* [YOUR GOAL]: Transcribe all the data below exactly, leaving its pictures out.

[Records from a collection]
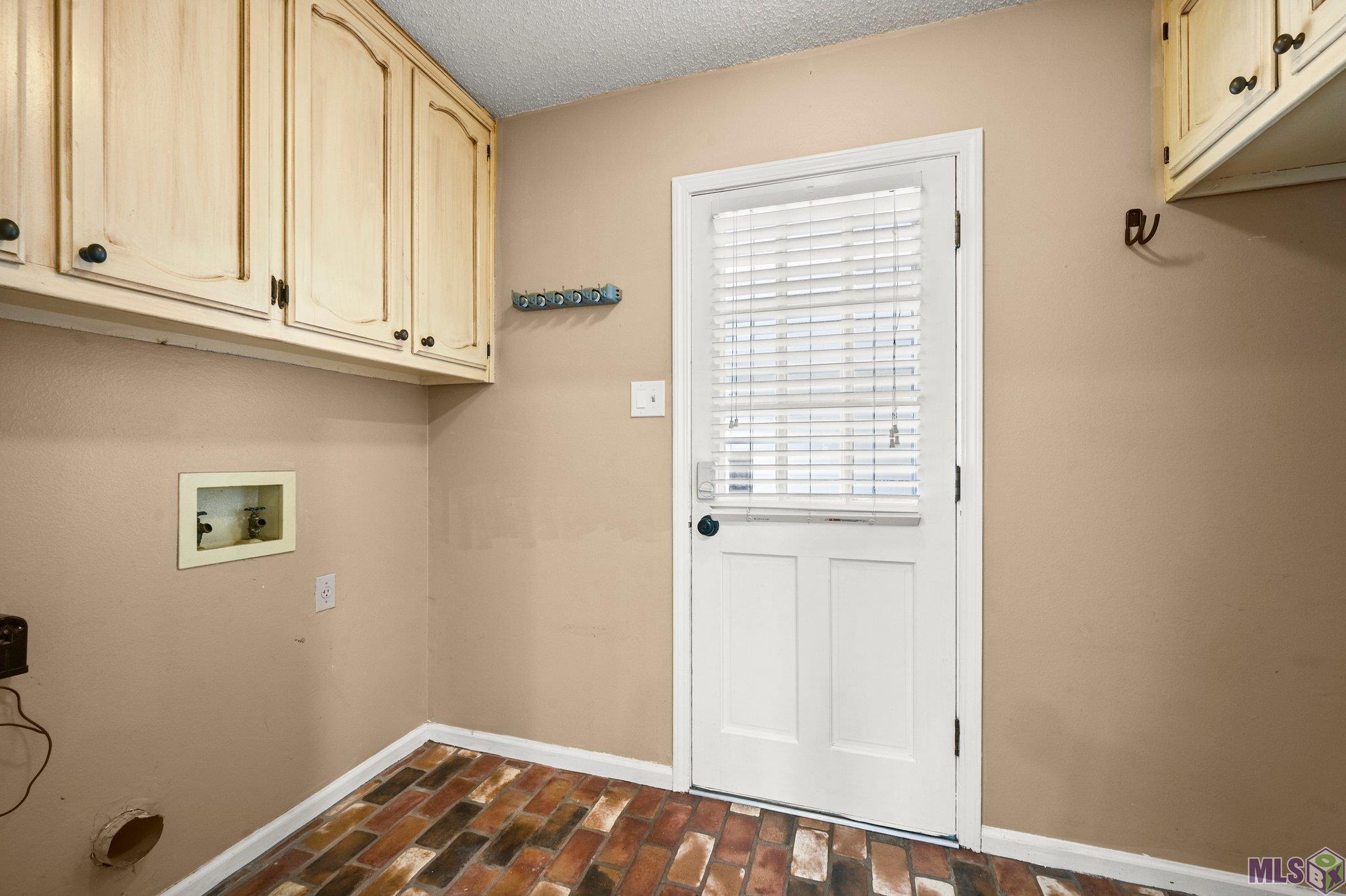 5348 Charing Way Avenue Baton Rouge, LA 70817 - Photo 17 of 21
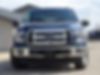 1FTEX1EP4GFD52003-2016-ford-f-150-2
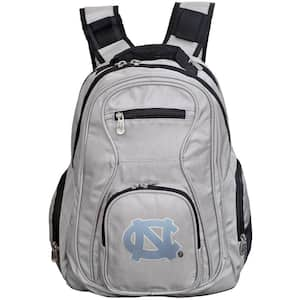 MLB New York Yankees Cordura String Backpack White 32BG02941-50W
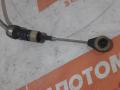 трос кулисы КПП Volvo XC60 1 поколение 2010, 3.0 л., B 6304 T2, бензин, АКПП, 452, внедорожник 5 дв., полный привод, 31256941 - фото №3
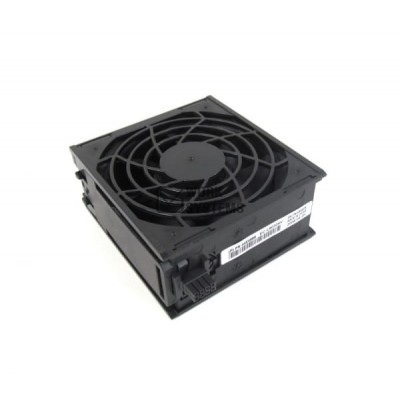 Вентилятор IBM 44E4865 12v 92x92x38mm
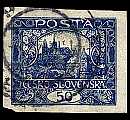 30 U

* [YOUR RESPONSE]:
 5348 Charing Way Avenue Baton Rouge, LA 70817 - Photo 17 of 21
 1FTEX1EP4GFD52003-2016-ford-f-150-2
 MLB New York Yankees Cordura String Backpack White 32BG02941-50W
 трос кулисы КПП Volvo XC60 1 поколение 2010, 3.0 л., B 6304 T2, бензин, АКПП, 452, внедорожник 5 дв., полный привод, 31256941 - фото №3
 Вентилятор IBM 44E4865 12v 92x92x38mm
 30 U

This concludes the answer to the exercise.